原告最終意見陳述(溝口秋生さん陳述)
思い返せば、平成14年3月15日に、私はこの法廷で意見陳述をしました。この訴訟を始めるにあたってのいきさつと、決意、裁判所へのお願いを申し上げたと思います。当時私は70才、それが今は75才となり今日の法廷をむかえています。
提訴にあたっては迷いもありました。しかし、この訴訟が進むにしたがい、熊本県がどのような考えで私の母を扱っていたのかが実にはっきっりとしてきました。私はその事実にがくぜんとしましたが、同時にそうした事実を明るみにだせたこと、母がなぜ21年間も放置され切り捨てられたか、熊本県の水俣病認定行政のありかたがはっきりと見えてきたことを大きな収穫と思うようになっています。
熊本県はこの裁判でなんと言ったか。「原告は熊本県に急げと要求するばかりで、環境庁に申請替えしなかった。だからスムーズに処分できなかった。」、「病理解剖を行う方法もあったが、それもしなかった。」、「カルテも原告が集めることができたはずだ。」などなど、よくも恥ずかしげもなくこうしたことを言えると驚くばかりでした。

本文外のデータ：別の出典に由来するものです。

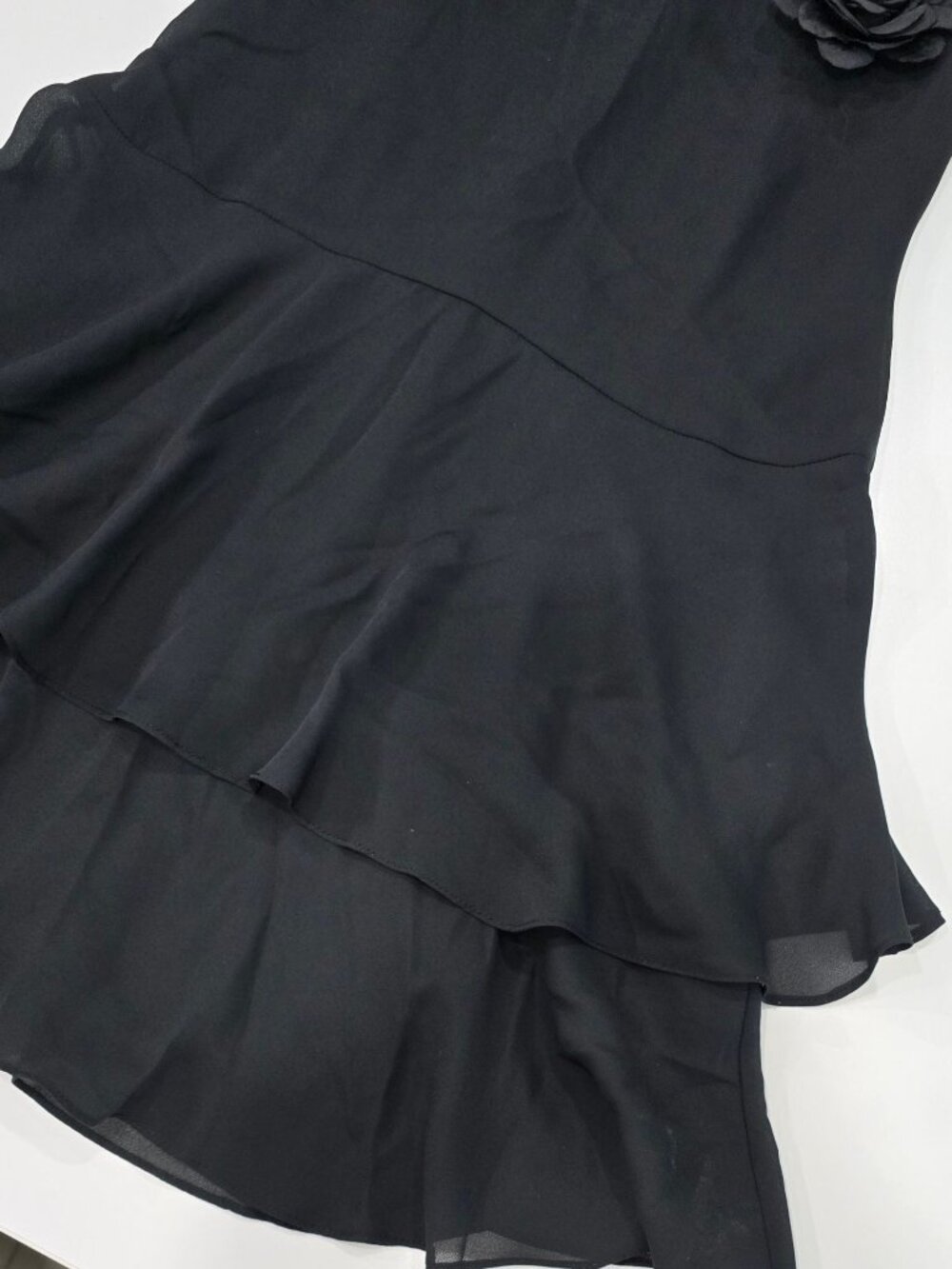 Rabbit Rabbit Rabbit ✦ Sleeveless V-Neck Chiffon Dress ✦ Floral Accent Black 4 - Picture 7 of 12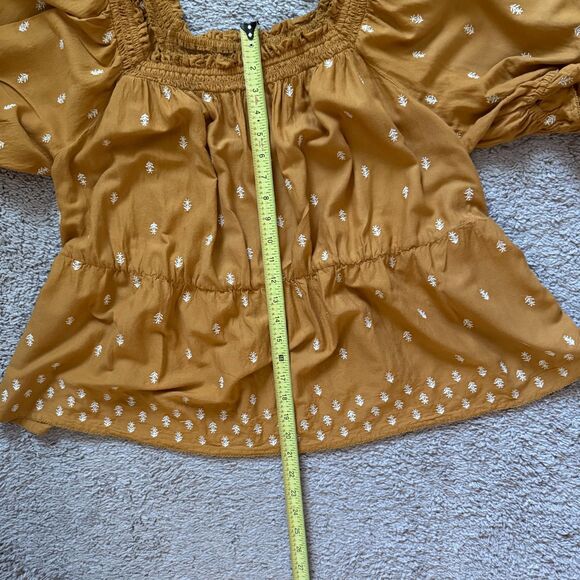 Old Navy Women Blouse 2X Ancient Gold Puff-Sleeve Smocked Embroidered Babydoll - Picture 9 of 9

これが熊本県の水俣病被害者に対するほんとうの姿、本音なのです。
国民年金でも大問題になっていますが、本来やるべき仕事をさぼりながら、それがばれるまでは国民にいばり返し、ばれてはじめて頭を下げる。水俣病でも同じです。平成16年の最高裁判決までは私に対しても言いたい放題を言い、熊本県の責任が確定すると頭を下げていい子ぶる。
裁判の中で県が提出してきた証拠によれば、私の母のようなケースは放置すると、環境庁、熊本県は相談して決めているではないですか。申請替えすればうまく行ったはずというなら、環境庁は何人の未検診死亡者をどのように扱い処分したのか公開させなさい。
母の主治医は熊本県認定審査会の会長、副会長を務めた三嶋医師でした。先生は臨終の床にある母を見て私を励ましてくれましたが、母が認定申請者であることを知っていながら、カルテを取って置くようになどとは一言も言わなかった。ましてやカルテを市立病院で保全してくれることもしなかった。
私がなぜ母を解剖に付す気持ちにならなかったかは、冒頭陳述でも申し上げたはずです。熊本県は、母を亡くした子の気持ちも思いやることができないのか。
人を人と思わず、水俣病被害者を虫けらのように扱う、申請者の自己責任を言い立て、自分たちのさぼりは棚に上げる。水俣病での県の仕事はいったい何なのか。母のカルテの保全はあなたたちの仕事ではなかったのか。市立病院、市川医院、佐藤医院に電話一本かければカルテの保全はできたはずではないか。
熊本県は、私が母の認定申請をどうするのかと何回電話しても取り上げなかった。この裁判の中で、県が私の電話を事実上無視し、やがてはメモさえも取らなくなっていったことがはっきりしました。認定申請者を当たり前に扱うことを求める遺族の声にさえも聞く耳を持たない。水俣病50年と昨年は大騒ぎでしたが、50年たってなぜ何も解決できないかが、私の訴訟を通してもはっきりとわかります。
訴訟の中では、私の母と同じ立場に置かれて、結局泣き寝入りさせられた人たちが何百人といることもわかりました。私はその人たちの無念を背負ってこの訴訟を続けているのだとわかりました。
生後まもなくけいれんを繰り返し、チッソ付属病院の医師の紹介で熊大に連れて行った二男のこともこの訴訟を続ける力となっています。私は二男が胎児性水俣病患者だと思っています。その息子が救われていない悔しさも私の原動力です。
裁判長、こんな理不尽が許されていいのでしょうか。私の母が勝てないのなら、水俣病認定申請者は死ぬまで放置し、あとは病院のカルテがなくなるまで待てばよいということになります。国民の信託を受けて仕事をする行政が、その怠慢をまったく裁かれずに逃れることができるのなら、日本は法治国家ではありません。厳正な判断をお願いします。